Hmmm... I think I was wrong about the LFE content. I looked on my PC and could not find the paper I was thinking about, and wasted a while on the Dolby site looking for a section with technology white papers. It's probably there, somewhere, but I don't know where,,, I also read the S&V article you linked, thank you.
What I found in my search was the diagram for one of my AVR's bass management schemes (not the Pioneer, but I am not sure if it is for the Denon or Sony -- no name on the picture). I probably grabbed it when I was first researching bass management before getting my Pioneer and after learning of Pioneer's scheme. For that AVR, the LFE channel has a 110 Hz LPF (not 120 Hz, don't know why, but that is what the diagram says) before the usual 10 dB gain stage and then a summer for bass from the other channels. The bass from the other channels goes through a second LPF before the summer o the sub, and that is variable as set by the crossover frequency. I found one other diagram for another AVR with essentially the same scheme. In other words, bass from the other channels is rolled off by the user-controllable LPF before being applied to the sub, but the LFE channel goes straight through to the sub. The diagram I have that I think
is for my Pioneer shows LPF's for each channel, including LFE, and all the LPF outputs are summed to go to the sub. All the LPF's are in one box and all controlled by the same crossover setting. So, in this case any LFE content over the crossover is lost.

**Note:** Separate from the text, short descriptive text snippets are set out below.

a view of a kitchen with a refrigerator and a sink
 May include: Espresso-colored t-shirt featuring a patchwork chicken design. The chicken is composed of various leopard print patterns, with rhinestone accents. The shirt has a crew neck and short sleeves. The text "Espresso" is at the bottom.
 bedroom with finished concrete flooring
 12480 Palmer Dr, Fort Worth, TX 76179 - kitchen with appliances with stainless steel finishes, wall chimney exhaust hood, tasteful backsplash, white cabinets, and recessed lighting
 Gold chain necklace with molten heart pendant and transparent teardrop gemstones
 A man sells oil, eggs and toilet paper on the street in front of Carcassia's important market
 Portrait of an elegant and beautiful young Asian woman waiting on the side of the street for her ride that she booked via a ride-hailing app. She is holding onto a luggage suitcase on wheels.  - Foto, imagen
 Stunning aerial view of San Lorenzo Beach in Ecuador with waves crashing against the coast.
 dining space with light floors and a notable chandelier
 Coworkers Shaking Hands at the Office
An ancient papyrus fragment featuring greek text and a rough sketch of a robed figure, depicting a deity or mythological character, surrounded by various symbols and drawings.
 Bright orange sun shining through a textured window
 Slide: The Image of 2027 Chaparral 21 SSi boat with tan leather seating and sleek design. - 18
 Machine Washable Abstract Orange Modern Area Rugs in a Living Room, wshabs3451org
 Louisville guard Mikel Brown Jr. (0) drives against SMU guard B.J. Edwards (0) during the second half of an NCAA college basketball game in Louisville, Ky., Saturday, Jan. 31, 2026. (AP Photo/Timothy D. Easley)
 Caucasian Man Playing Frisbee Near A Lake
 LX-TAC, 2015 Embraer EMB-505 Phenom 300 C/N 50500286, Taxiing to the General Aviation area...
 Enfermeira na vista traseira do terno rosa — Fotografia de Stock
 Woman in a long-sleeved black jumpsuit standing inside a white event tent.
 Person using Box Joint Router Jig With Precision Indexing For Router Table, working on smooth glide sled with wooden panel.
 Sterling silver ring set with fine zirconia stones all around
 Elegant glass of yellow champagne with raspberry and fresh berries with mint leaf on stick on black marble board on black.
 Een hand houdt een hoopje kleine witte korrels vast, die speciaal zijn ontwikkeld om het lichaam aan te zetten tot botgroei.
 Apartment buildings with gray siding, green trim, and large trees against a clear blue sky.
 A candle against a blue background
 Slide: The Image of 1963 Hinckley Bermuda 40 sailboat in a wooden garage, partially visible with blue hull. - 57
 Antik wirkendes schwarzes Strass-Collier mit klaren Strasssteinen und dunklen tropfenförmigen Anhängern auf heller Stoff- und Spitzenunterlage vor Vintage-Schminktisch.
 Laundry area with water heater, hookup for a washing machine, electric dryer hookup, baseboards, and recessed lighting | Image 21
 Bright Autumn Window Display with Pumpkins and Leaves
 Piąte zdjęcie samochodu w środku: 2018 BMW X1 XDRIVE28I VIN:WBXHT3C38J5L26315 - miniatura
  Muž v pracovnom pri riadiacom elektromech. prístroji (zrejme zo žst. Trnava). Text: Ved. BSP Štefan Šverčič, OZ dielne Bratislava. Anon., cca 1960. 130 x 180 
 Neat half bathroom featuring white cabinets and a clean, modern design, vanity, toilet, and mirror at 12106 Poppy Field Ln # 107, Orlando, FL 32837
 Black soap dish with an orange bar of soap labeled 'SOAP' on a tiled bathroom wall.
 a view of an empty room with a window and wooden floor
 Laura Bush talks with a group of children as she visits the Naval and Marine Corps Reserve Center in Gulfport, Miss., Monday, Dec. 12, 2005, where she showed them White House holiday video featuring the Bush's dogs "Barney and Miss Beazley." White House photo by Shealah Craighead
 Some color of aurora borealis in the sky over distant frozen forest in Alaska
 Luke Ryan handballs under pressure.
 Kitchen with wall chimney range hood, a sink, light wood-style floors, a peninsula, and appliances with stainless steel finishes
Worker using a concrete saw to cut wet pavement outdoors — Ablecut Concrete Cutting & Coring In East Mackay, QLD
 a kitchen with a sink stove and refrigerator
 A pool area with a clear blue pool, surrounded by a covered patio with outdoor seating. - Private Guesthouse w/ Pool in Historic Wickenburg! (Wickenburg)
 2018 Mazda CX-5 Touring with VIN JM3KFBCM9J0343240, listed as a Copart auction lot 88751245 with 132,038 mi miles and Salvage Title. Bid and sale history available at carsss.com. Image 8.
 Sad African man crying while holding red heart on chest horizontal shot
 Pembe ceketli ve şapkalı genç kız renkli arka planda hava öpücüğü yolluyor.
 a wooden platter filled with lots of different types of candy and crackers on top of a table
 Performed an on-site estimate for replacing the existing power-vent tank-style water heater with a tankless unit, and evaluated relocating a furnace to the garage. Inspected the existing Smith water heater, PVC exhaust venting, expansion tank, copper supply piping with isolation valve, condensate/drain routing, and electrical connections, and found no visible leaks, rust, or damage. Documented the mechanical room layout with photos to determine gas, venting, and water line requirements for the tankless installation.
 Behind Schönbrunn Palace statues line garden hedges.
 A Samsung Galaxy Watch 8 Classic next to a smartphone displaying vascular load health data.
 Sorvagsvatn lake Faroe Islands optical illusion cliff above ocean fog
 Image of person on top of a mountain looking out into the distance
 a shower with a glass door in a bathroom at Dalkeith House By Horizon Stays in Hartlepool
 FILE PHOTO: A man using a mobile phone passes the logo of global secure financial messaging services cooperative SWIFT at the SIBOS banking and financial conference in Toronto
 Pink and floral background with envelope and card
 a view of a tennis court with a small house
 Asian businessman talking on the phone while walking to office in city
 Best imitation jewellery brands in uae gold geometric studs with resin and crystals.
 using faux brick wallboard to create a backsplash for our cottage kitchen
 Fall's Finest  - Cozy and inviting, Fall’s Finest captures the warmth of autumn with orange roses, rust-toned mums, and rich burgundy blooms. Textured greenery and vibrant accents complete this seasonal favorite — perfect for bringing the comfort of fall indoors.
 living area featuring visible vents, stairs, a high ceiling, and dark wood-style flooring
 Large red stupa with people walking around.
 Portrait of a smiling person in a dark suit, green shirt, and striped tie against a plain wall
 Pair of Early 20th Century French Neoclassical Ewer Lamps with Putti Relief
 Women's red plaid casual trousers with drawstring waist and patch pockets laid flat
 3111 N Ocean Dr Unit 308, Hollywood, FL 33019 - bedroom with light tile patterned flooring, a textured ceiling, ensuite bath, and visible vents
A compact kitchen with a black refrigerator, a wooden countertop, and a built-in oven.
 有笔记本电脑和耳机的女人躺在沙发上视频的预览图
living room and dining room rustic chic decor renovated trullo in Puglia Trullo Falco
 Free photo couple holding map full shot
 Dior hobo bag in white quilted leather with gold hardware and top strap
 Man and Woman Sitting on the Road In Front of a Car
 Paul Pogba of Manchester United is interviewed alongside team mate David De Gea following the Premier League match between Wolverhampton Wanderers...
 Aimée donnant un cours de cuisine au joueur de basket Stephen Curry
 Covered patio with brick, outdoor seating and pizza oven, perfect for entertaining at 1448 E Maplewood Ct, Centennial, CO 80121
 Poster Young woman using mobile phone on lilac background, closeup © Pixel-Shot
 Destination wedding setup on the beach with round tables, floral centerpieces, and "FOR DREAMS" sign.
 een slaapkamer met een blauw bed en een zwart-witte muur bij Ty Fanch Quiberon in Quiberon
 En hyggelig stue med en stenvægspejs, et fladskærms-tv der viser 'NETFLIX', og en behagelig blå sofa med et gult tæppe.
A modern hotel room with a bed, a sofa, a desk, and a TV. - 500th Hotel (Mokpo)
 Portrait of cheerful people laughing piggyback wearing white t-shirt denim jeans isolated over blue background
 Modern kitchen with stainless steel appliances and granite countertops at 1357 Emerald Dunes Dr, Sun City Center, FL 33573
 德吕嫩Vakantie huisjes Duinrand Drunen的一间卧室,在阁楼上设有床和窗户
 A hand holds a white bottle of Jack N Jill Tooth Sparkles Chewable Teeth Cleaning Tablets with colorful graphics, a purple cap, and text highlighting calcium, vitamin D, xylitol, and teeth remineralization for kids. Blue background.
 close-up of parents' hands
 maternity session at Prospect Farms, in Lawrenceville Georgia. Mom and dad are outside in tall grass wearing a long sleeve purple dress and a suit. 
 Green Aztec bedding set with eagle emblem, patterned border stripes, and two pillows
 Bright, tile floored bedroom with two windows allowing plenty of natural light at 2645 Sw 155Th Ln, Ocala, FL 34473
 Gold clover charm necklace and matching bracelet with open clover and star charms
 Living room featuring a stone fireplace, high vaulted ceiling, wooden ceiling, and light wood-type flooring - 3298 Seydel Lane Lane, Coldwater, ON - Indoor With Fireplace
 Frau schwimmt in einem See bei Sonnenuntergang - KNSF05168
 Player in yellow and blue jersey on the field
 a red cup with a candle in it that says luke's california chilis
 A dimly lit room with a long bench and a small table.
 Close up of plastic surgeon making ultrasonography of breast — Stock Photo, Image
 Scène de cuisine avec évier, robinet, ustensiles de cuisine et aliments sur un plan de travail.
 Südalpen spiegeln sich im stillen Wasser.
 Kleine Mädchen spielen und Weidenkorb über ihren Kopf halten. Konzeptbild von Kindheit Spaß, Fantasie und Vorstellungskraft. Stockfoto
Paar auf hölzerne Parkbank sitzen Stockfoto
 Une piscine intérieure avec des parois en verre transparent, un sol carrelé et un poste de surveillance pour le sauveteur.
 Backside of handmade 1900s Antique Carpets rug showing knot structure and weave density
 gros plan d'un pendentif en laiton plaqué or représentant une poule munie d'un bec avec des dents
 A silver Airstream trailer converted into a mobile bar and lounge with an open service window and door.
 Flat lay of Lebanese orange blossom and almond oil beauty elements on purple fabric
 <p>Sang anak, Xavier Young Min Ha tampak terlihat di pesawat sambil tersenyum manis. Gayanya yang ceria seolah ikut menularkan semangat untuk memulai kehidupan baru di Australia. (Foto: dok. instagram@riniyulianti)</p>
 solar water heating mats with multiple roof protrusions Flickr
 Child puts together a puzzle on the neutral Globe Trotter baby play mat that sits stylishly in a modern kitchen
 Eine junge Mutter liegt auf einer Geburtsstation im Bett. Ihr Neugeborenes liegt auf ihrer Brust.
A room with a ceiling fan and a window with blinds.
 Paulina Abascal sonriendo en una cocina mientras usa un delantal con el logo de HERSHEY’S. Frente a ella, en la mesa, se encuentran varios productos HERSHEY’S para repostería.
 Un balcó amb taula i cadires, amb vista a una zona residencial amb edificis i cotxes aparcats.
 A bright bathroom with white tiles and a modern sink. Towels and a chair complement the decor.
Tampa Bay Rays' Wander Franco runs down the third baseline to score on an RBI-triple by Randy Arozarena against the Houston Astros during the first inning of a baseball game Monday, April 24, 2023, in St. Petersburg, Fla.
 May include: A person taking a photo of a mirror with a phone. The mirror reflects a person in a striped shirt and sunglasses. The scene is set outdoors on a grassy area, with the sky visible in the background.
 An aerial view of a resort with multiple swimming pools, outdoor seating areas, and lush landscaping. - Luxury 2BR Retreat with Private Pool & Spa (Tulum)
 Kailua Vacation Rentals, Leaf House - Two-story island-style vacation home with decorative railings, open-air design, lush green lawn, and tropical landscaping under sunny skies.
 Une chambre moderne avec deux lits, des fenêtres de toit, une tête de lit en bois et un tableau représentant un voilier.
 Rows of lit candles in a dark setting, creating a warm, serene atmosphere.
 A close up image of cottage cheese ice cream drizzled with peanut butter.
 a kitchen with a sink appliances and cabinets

So effectively I can't prove my claim so must redact with apologies. What I have evidence of is two of my AVRs (Sony and Denon as my Yamaha is older and I don't have any details for it) appear to send the LFE channel to the sub using its own LPF. Pioneer's LFE filter is ganged with all the other channels and controlled by the same, global, crossover setting. Here's the bullet list:
- In one case, the LFE has its own LPF (not user-controllable). All the other channels are summed, then go through a separate (single) LPF before being summed with the LFE signal going to the subwoofer. (Each channel also has its own LPF; seems a little wacky but that's what it shows.) The LFE signal is independent of the channel crossover so nothing is lost.
- In the second case again the LFE has its own LPF (not user-controllable). Each channel has its own LPF filter and the output of all the individual channel LPFs are summed with the LFE signal to drive the subwoofer. Again no LFE content is lost.
- Pioneer's scheme places a LPF in each channel, including the LFE, but all the LPF corners are set by a single (user-defined) crossover frequency. Thus any LFE above the global LPF setting is lost.
So in the first two schemes all LFE bandwidth is sent to the sub irrespective of the (user) crossover setting. In the Pioneer, any LFE signal over the (global, user) crossover is lost. Signal frequencies above the LFE crossover are not sent to the mains in any figure I have (except those without a sub, natch, in which case LFE is sent to the L/R speakers). So you are correct AFAIK that LFE is not sent to the mains (unless there is no sub).